**PROBLEM TO WORK ON**.
Go through the following data and transcribe exactly the stretch of lines from the one holding "Undoing Babel: The" to the one holding "Collet Sabé /", both included.
┌─ DATA FOR REVIEW
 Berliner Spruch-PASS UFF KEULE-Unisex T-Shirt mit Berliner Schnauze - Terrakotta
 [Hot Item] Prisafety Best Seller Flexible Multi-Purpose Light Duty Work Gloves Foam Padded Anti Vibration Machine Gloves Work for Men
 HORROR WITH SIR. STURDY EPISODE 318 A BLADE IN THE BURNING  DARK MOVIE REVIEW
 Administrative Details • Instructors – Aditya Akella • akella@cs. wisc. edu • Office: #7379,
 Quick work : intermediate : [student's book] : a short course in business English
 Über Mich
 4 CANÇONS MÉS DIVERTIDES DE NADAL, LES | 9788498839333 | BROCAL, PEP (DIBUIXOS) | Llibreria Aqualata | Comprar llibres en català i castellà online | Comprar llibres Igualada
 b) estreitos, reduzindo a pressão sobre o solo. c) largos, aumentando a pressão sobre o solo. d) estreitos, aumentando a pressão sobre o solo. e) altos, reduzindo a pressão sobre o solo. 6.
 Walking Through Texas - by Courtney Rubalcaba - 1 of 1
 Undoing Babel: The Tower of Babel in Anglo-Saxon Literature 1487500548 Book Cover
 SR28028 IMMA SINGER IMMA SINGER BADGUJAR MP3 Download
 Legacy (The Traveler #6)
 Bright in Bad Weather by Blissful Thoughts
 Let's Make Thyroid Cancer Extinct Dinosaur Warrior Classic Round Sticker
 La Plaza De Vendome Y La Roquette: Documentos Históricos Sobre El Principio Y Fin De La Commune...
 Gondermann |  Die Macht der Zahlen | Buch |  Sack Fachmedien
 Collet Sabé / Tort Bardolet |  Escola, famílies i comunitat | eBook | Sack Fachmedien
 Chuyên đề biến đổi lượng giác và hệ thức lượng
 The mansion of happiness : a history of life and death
└─
**SOLUTION**.
 Undoing Babel: The Tower of Babel in Anglo-Saxon Literature 1487500548 Book Cover
 SR28028 IMMA SINGER IMMA SINGER BADGUJAR MP3 Download
 Legacy (The Traveler #6)
 Bright in Bad Weather by Blissful Thoughts
 Let's Make Thyroid Cancer Extinct Dinosaur Warrior Classic Round Sticker
 La Plaza De Vendome Y La Roquette: Documentos Históricos Sobre El Principio Y Fin De La Commune...
 Gondermann |  Die Macht der Zahlen | Buch |  Sack Fachmedien
 Collet Sabé / Tort Bardolet |  Escola, famílies i comunitat | eBook | Sack Fachmedien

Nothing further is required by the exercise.